▶ **Aim of the task**: Where the line with "extension housing sub- assembly" appears in the records below, start there and transcribe each line exactly through the last.

▶ **Excerpted data**:
____________

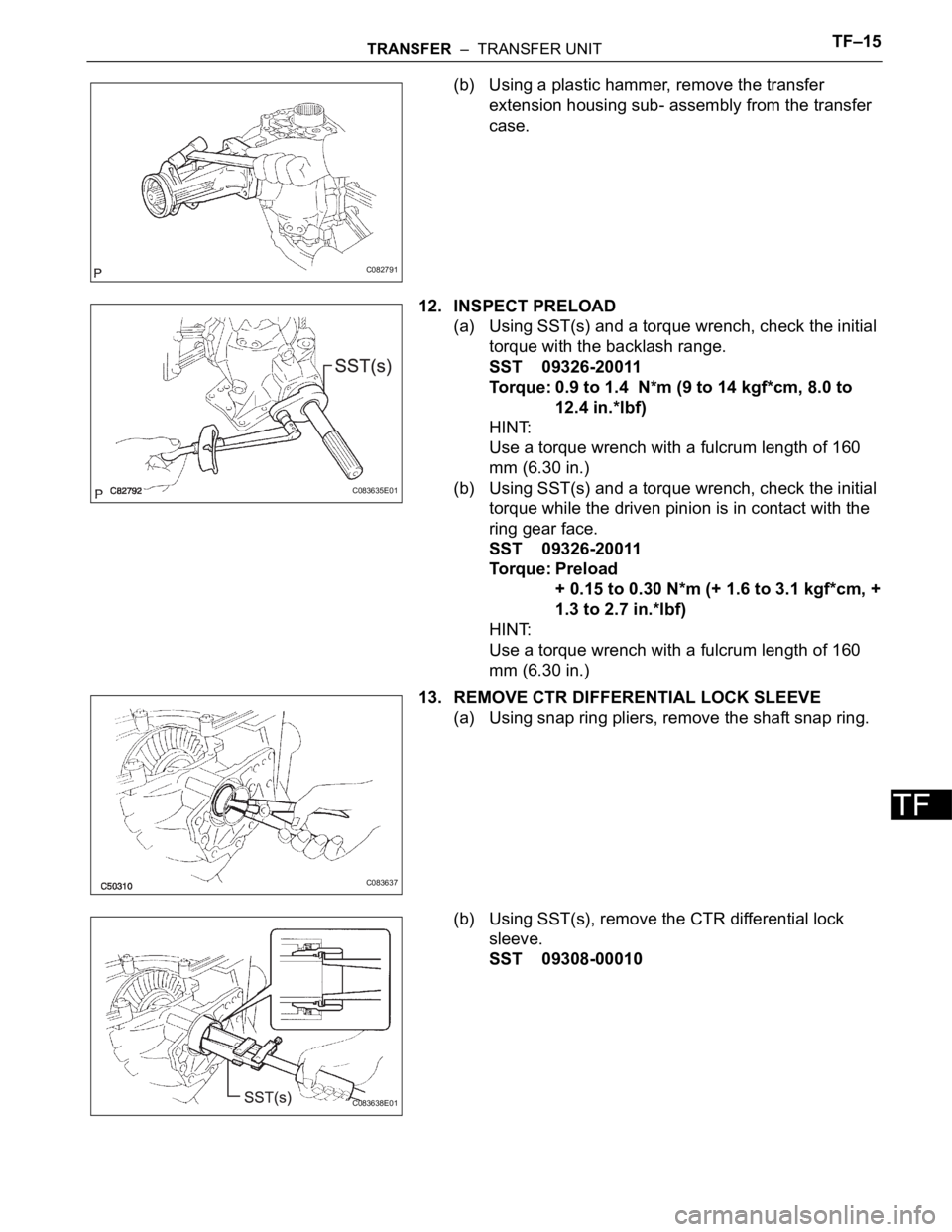 TOYOTA SIENNA 2007  Service Repair Manual TRANSFER  –  TRANSFER UNITTF–15
TF
(b) Using a plastic hammer, remove the transfer 
extension housing sub- assembly from the transfer 
case.
12. INSPECT PRELOAD
(a) Using SST(s) and a torque wrenc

____________

▶ **Task result**:
extension housing sub- assembly from the transfer 
case.
12. INSPECT PRELOAD
(a) Using SST(s) and a torque wrenc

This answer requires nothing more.